A manifesto, by definition, is not usually easy reading, which is why Steve DeAngelo has combined his eight-point program with scientific and historical details, interspersed with stories about his life.

DeAngelo, outspoken executive director of Harborside Health Centers in Oakland and San Jose, calls this collection “The Cannabis Manifesto: A New Paradigm for Wellness.” Many of the talking points are pillars of Harborside’s business model, starting with “Cannabis is not harmful, but prohibition is,” and ending with “Legalization cannot and will not be stopped.”

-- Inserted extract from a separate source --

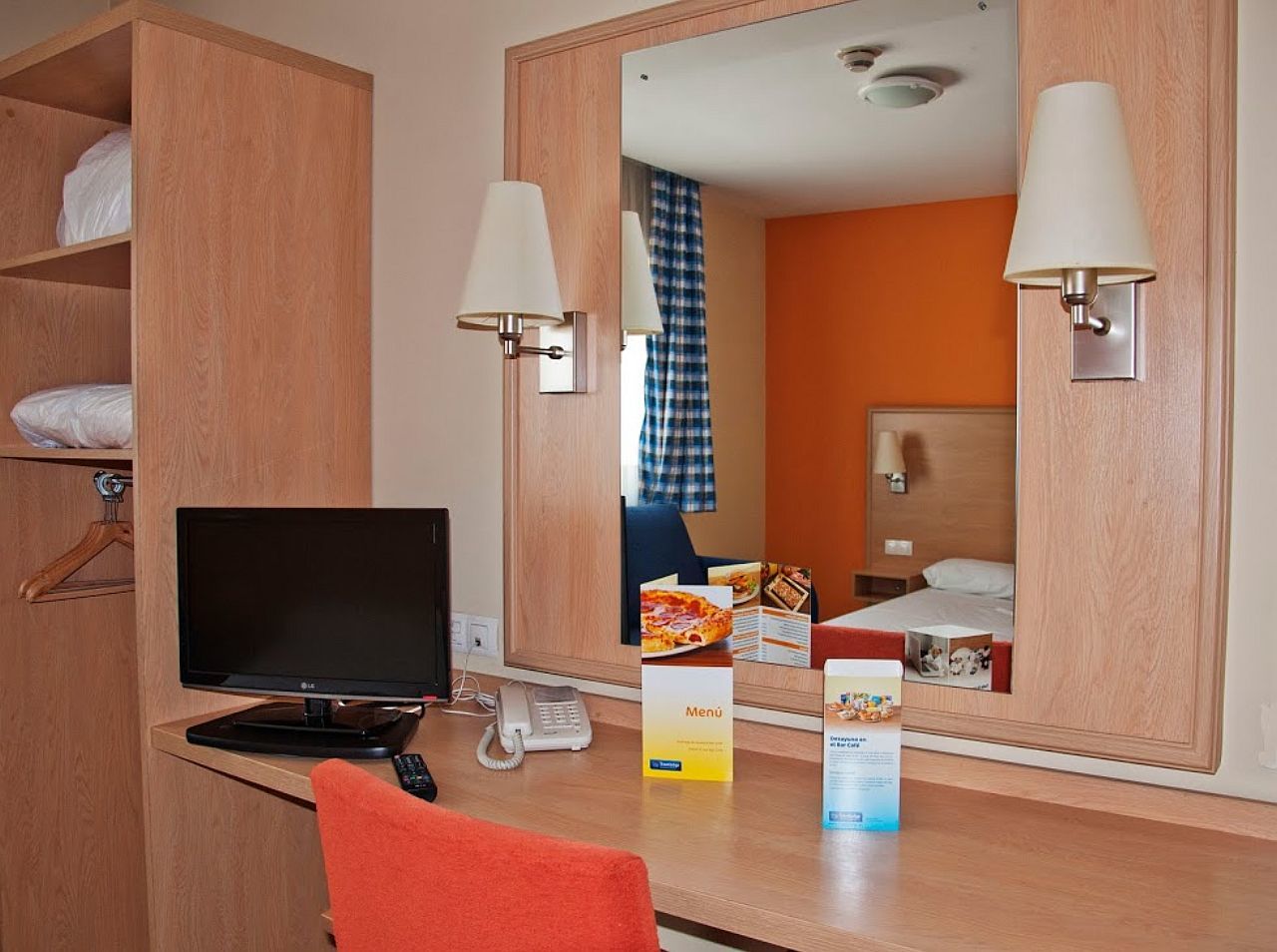 Travelodge Barcelona Fira L'Hospitalet de Llobregat Luaran gambar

This might be a good time to go into the marijuana vs. cannabis debate, but DeAngelo avoids it by using both terms, and others, because, he says they’re all “worth sharing and preserving” to “illustrate the colorful history of the plant.”

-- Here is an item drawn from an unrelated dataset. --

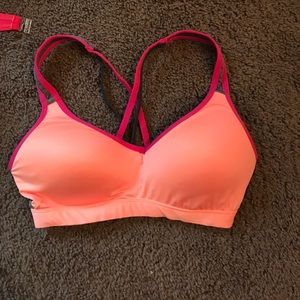 Sports bra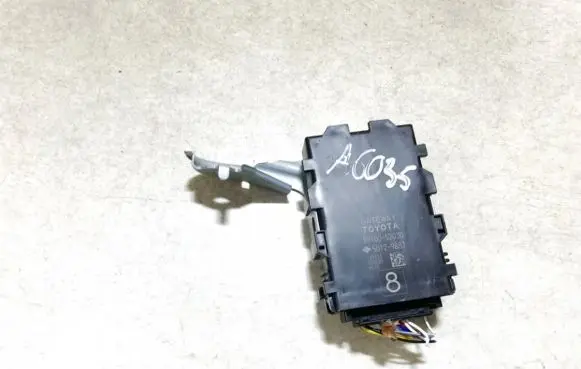 Toyota Yaris Other control units/modules 8910052030 89100-52030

History?  That’s right, cannabis was not invented in the 1960s, and prohibition of its use didn’t start with the War on Drugs in the 1970s. The book credits Spain’s Conquistadors with introducing the plant to the Americas. They brought it as hemp, not intending it to be ingested by humans. But local herbalist healers (curanderos) soon found it “efficacious for a wide range of ailments.”

“Prohibition has never been about the inherent properties of the plant,” DeAngelo says, “it’s always been about the people using it,” a statement he backs up with a quote from President Richard Nixon’s top aide, John Ehrlichman: “Look, we understood we couldn’t make it illegal to be young or poor or black in the United States, but we could criminalize their common pleasure.”

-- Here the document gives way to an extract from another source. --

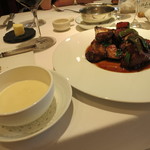 レストラン コバヤシ - フランス産仔牛と鶏モモ肉のフリカッセ（ココット焼き）　香味野菜・アリゴ添え　（相方）　マッシュポテトとチーズのソース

This is why one plank in DeAngelo’s Manifesto is: “Cannabis should never have been made illegal,” which leads to another one: “Choose cannabis for wellness, not intoxication.”

That chapter states that skeptics, such as “hostile journalists” – Bill O’Reilly is named – “all think medical marijuana is a fraud.” It brings to mind my own interview with DeAngelo. We were in the main lobby of Harborside Health Center, and there were lines at all of the checkouts. I noted that none of the customers/patients were using canes or wheelchairs, and nearly all were young, healthy-looking males. DeAngelo replied that not all illness is physical – PTSD, for example.

DeAngelo says I had fallen for what he calls “the outdated illness concept” of all or nothing – you’re sick, or you’re healthy. He prefers to see “human health actually [operating] on a spectrum of wellness.” If cannabis relieves stress and pain, that’s good medicine.  The same is true when it “enhances enjoyment.” He argues that this natural remedy is far safer for many ailments than highly advertised pharmaceuticals, most of them with “a list of side effects like something out of a Stephen King novel.”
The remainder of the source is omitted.